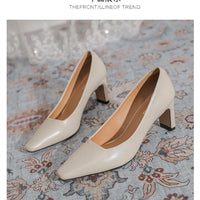 Fashion Patent Leather Women's Pumps Square Toe Stripper Elegant Party Vintage Spring Ladies Shoes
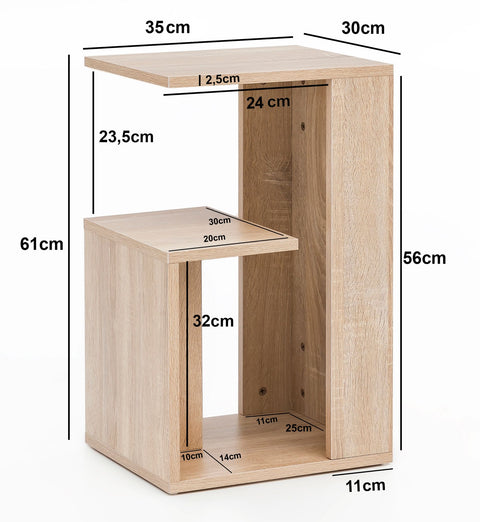 Rootz Wood Side Table - Sonoma - Design for Sofa or Coffee - Small and Modern Square Table - 35x29.5x60cm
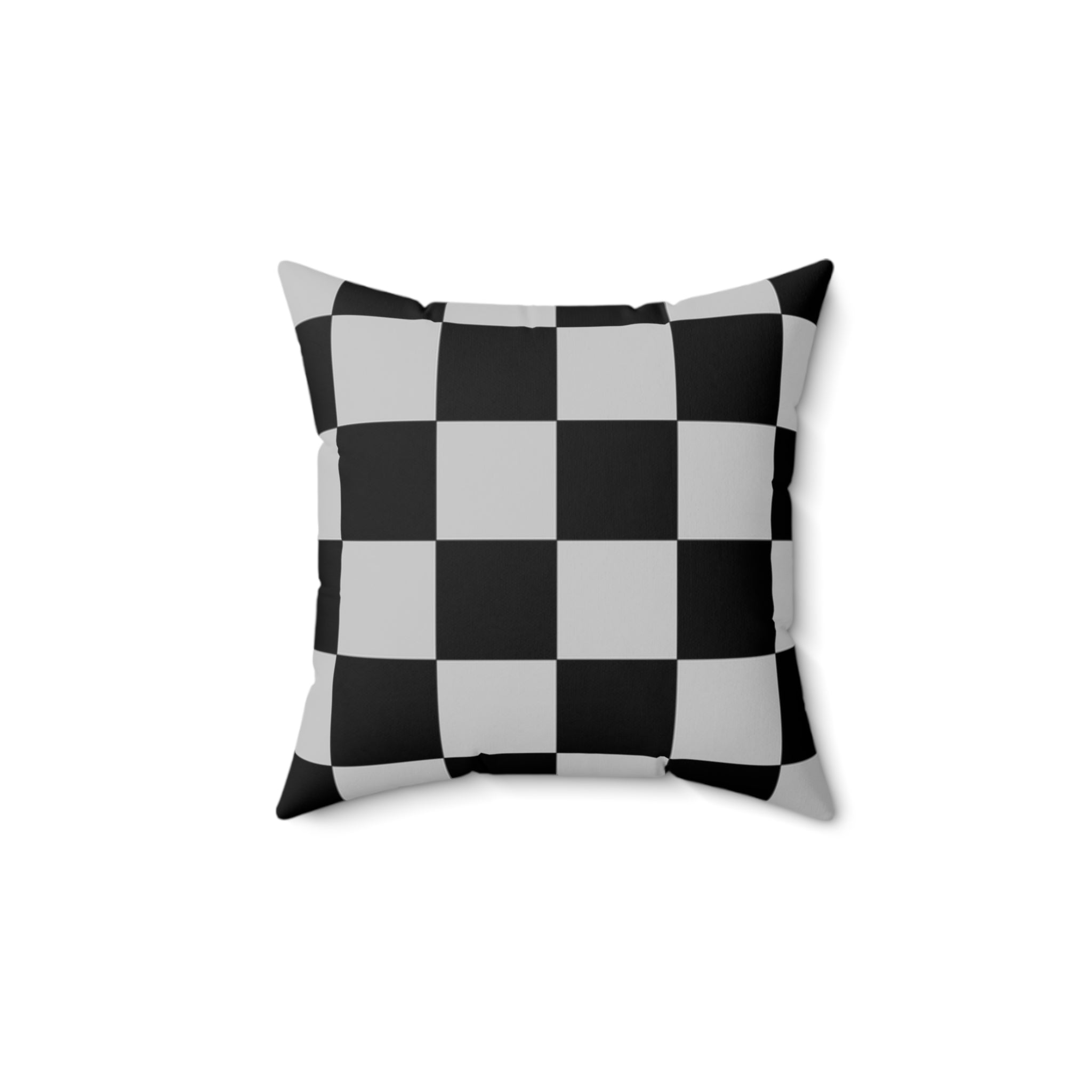 Checkerboard Dada Black and Light Gray Spun Polyester Square Pillow, Artsulli - Art is Long, Life is Short, Home Decor, Size, 14" × 14", , , , , 38630636929835875402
□ □ □ □ □
== Work instruction ==
The copy should match each line above exactly and contain no images.

== Task result ==
 Fashion Patent Leather Women's Pumps Square Toe Stripper Elegant Party Vintage Spring Ladies Shoes
 Rootz Wood Side Table - Sonoma - Design for Sofa or Coffee - Small and Modern Square Table - 35x29.5x60cm
 Checkerboard Dada Black and Light Gray Spun Polyester Square Pillow, Artsulli - Art is Long, Life is Short, Home Decor, Size, 14" × 14", , , , , 38630636929835875402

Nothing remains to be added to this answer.